Fernando Lyrio, no entanto, ressalta que a contribuição brasileira está centrada numa ideia de “economia verde inclusiva”, que, ao contrário de uma concepção individualizante, enfocaria uma mudança nos padrões de desenvolvimento. “Na visão brasileira o conceito de ‘economia verde inclusiva’ expressaria melhor o foco num ciclo de desenvolvimento sustentável com a incorporação de bilhões de pessoas à economia, com consumo de bens e serviços em padrões sustentáveis e viáveis, que combatam o desperdício e promovam o reaproveitamento dos recursos. E a Rio +20 representa uma oportunidade para a revisão dos atuais padrões de desenvolvimento, sobretudo, à luz da insuficiência de seus resultados econômicos, sociais e ambientais”, explica, fazendo uma ressalva: “Para tanto, é preciso reforçar a ligação do conceito de economia verde com o de desenvolvimento sustentável, de forma a evitar uma leitura do conceito de economia verde que privilegie os aspectos de comercialização de soluções tecnológicas sobre a busca de soluções adaptadas às realidades variadas dos países em desenvolvimento”.
A ideia de economia verde inclusiva está presente de forma explícita no documento, inclusive como proposta. Trata-se da ideia de se estabelecer um pacto que inclua a publicização dos relatórios de sustentabilidade das empresas e a criação de índices de sustentabilidade. O texto traz como exemplo o índice de Sustentabilidade Empresarial, criado pela Bovespa. “Por esse índice, considera-se um investimento como socialmente responsável se, além dos resultados financeiros para o investidor, há considerações ambientais, práticas de responsabilidade social e padrões éticos para selecionar as empresas participantes dos fundos de investimento”, explica Fernando Lyrio. Criticando o que classifica como um processo de financeirização dos problemas ambientais, que transforma as obrigações das empresas em lucro, Alexandre Pessoa não acredita na eficácia desse tipo de ‘certificação’. Ele lembra o exemplo do complexo siderúrgico ThyssenKrupp CSA, no Rio de Janeiro, que, apesar de responder a diversas denúncias e ações do Ministério Público Estadual, por poluição e danos à saúde da população, recebeu ‘sinal verde’ do Conselho Executivo do Mecanismo de Desenvolvimento Limpo, da Organização das Nações Unidas, para obtenção de créditos de carbono.

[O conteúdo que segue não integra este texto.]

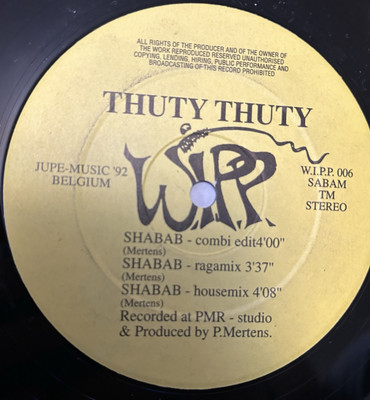 DIFFERENT STYLE/ THUTY THUTY- A Lot Of Crap. 12  Hip House Vinyl. 1992. RARE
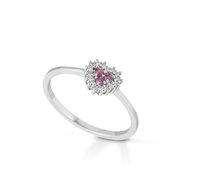 Anello Lelune Donna LELUNE DIAMONDS in Oro bianco Rubino 0.08 Ct LDRNRB006008 - LDRNRB006008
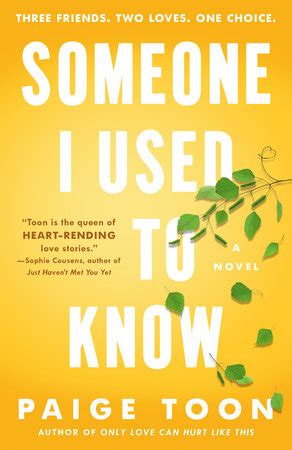 Someone I Used to Know by Paige Toon: 9780593715598 | PenguinRandomHouse.com: Books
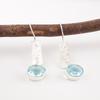 Sky Blue Topaz Gemstone 925 Sterling Silver Jewelry Handmade Drop Earrings 1.9" EE-168-15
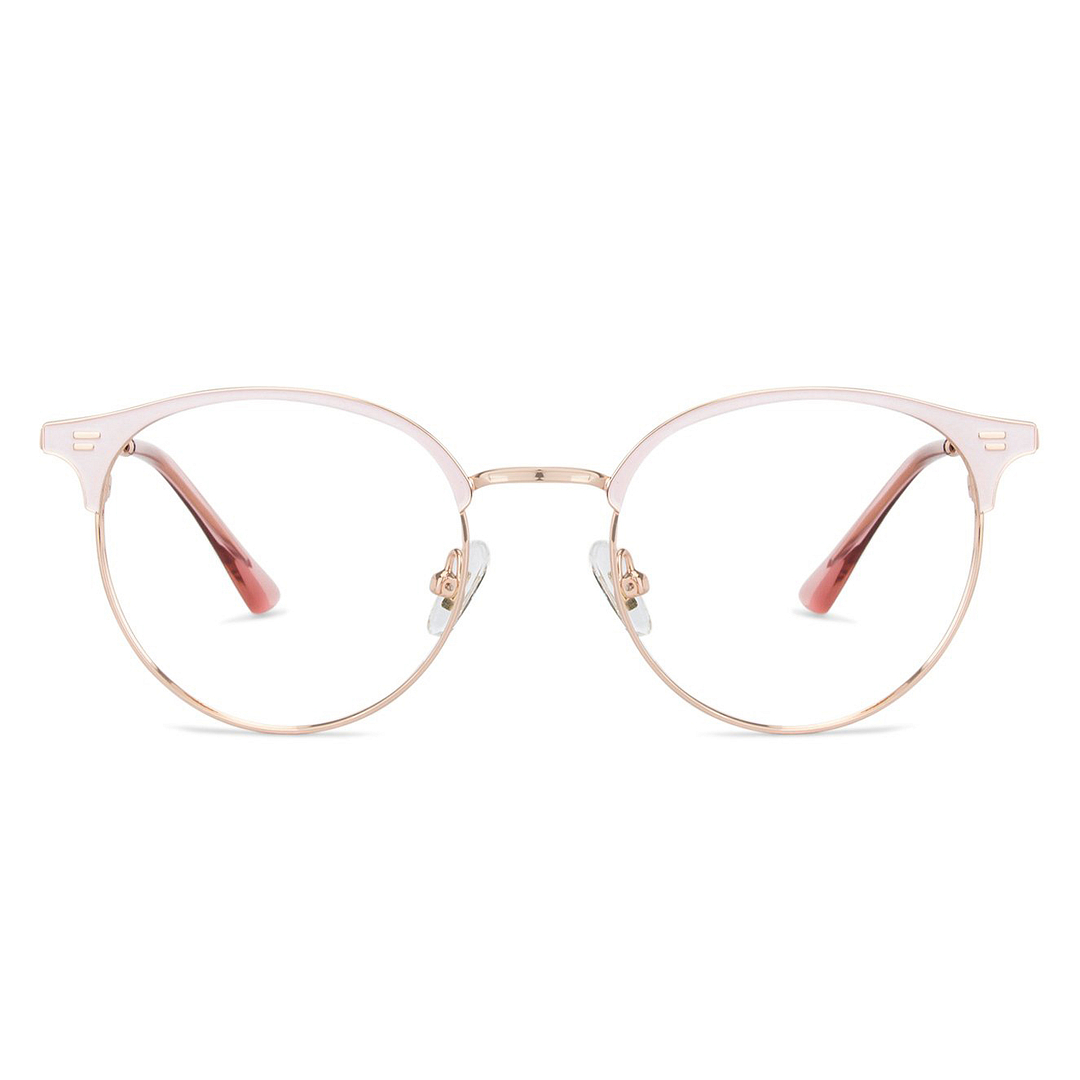 John Jacobs Online Rose Gold Full Rim Cat Eye left side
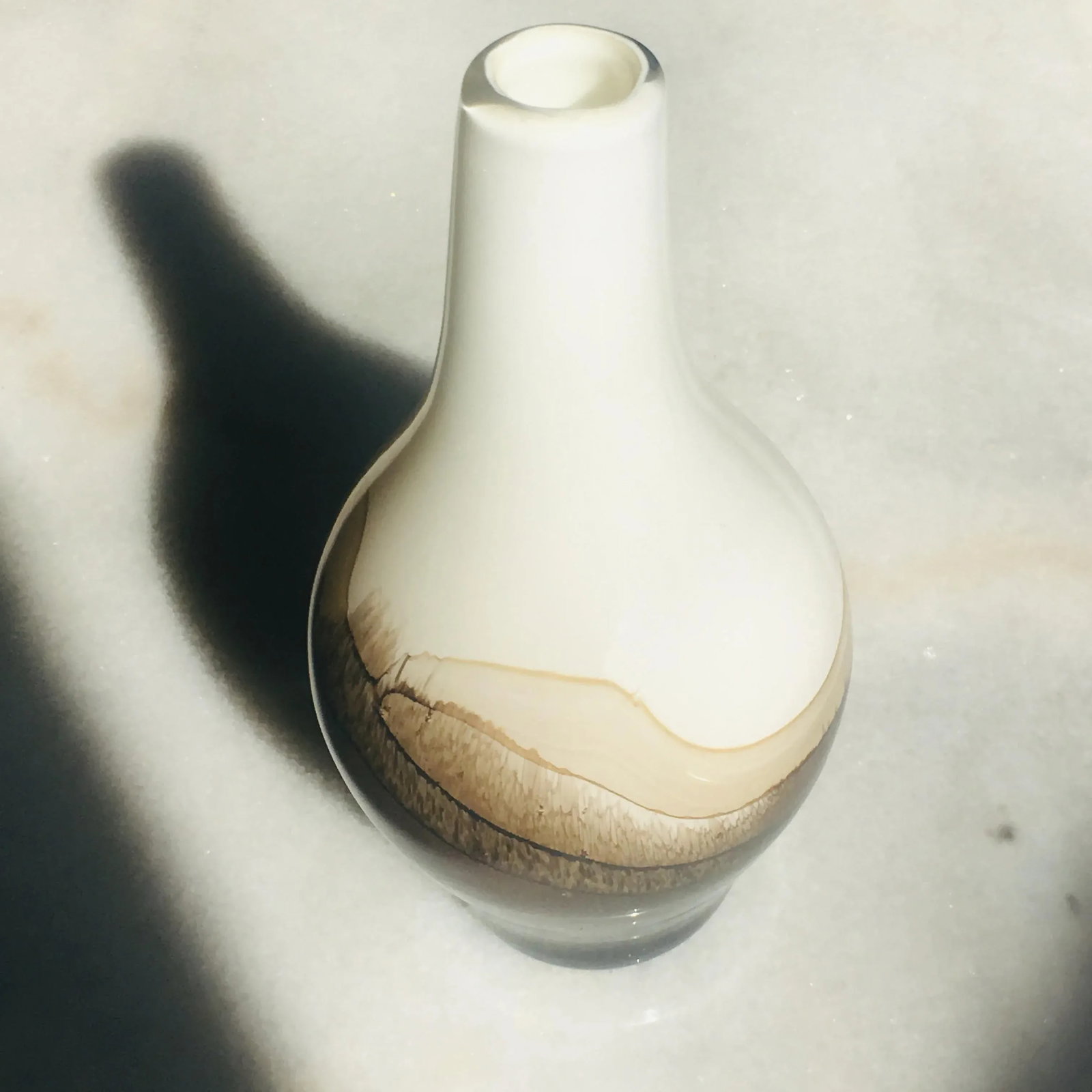 Murano Italian Ombre Glass Vase 1970s Mid Century Modern - 4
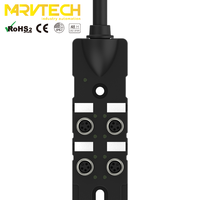 Actionneur M8 Boîtier de distribution Simple Double Signal Étanche 4 Ports Adaptateur IP67 Connecteur Femelle Usb-c Connecteur Femelle 6 Broches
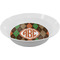 Brown Argyle Melamine Bowl (Personalized)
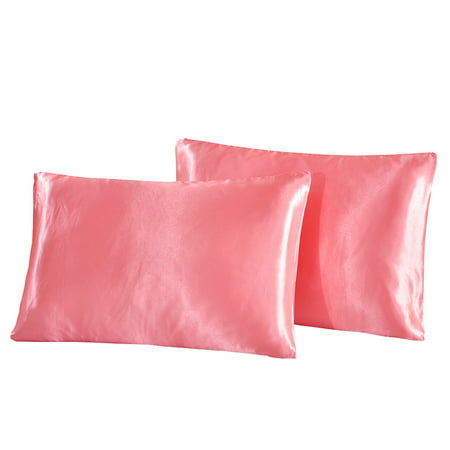Tuscom 2Pcs Washable Pure Silk Pillowcase For Hair and Skin Both Side with Hidden Zipper Hypoallergenic Silk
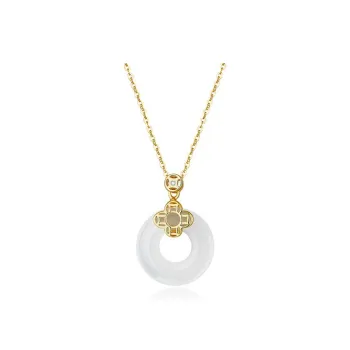 Asia Star Chalcedony Jade Necklaces Women's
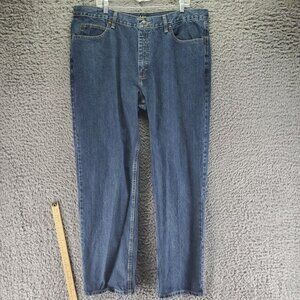 Lee Jeans Mens 40x32 Blue Relaxed Fit 100% Cotton Denim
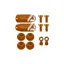 Tech 4 v4 Brake Custom Kit - Pair - Orange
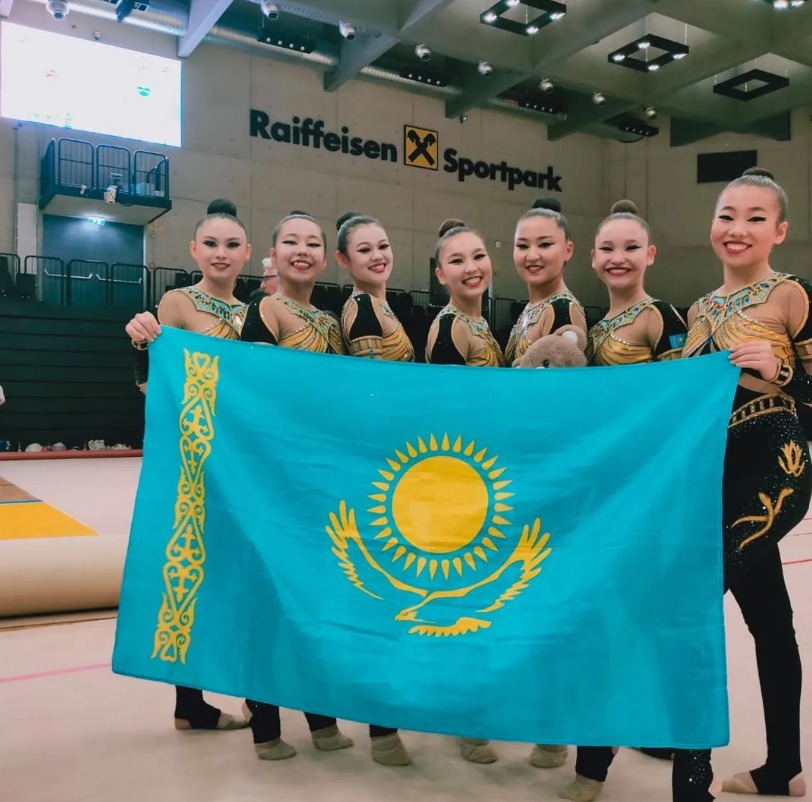 Казахстанские гимнастки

Na mesma linha, o documento propõe também que se firme um protocolo internacional para a sustentabilidade do setor financeiro, tomando como exemplo o ‘Protocolo Verde’, iniciativa dos bancos públicos e privados brasileiros, que, de acordo com o texto, “assumiram o compromisso de incluir a dimensão ambiental nos seus procedimentos de análise de risco e avaliação de projetos, bem como priorizar ações de apoio ao desenvolvimento sustentável”.
Balanço de duas décadas
Um dos problemas que Alexandre Pessoa identifica na forma como está sendo organizada a Rio+20 e que, segundo ele, o documento elaborado pelo governo brasileiro reitera, é não fazer nem propor um balanço dos problemas e dos avanços da questão ambiental nos 20 anos que separam a Rio 92 do evento que vai acontecer em 2012. “Afinal, são poucas as experiências exitosas na efetivação da Agenda 21 Local”, opina. Ele considera, inclusive , que o documento é um recuo em relação à Agenda 21 , conjunto de propostas que resultaram da Rio 92. Fernando Lyrio defende o documento: “As propostas apresentadas na Contribuição Brasileira alinham-se com temas da Agenda 21, abrangendo não somente a gestão e conservação dos recursos naturais, como também as dimensões social e econômica, e formas de implementação. Dessa forma, as propostas brasileiras visam tanto temas da Agenda Ambiental já presentes na Agenda 21 quanto temas dos novos desafios ambientais”, diz. Ele exemplifica: “O capítulo 3 da Agenda 21 já tratava do combate à pobreza como fundamental para a sustentabilidade do planeta, o que se alinha plenamente com a proposta da Rio +20 de discutir ‘economia verde no contexto do desenvolvimento sustentável e da erradicação da pobreza’ e, nesse contexto, com a Proposta 1, de estabelecer um ‘Programa de Proteção Socioambiental Global’”.
Saúde na Rio + 20
Embora o Ministério da Saúde tenha colaborado com o documento brasileiro após a consulta pública, nenhuma proposta apresentada diz respeito diretamente à área da Saúde. Além das compras públicas sustentáveis, Guilherme Franco Netto acredita que, a partir da experiência dos Objetivos do Desenvolvimento do Milênio, a Saúde pode contribuir com indicadores relevantes, por exemplo, para materializar a proposta de criação dos Objetivos do Desenvolvimento Sustentável. “A questão da saúde do trabalhador, por exemplo, precisa ser tratada de forma melhor. Temos ainda, mesmo nos países desenvolvidos, mas sobretudo naqueles em desenvolvimento, estatísticas inaceitáveis relativas a mortes por acidente de trabalho. Temos tecnologia de ponta, que reduz isso porque mecaniciza tudo, mas, ao mesmo tempo, temos vários processos de extração mineral ou de construção civil no Brasil que se dão ainda no ritmo daquela música do Chico Buarque: ‘morreu na contramão atrapalhando o tráfego’”, exemplifica.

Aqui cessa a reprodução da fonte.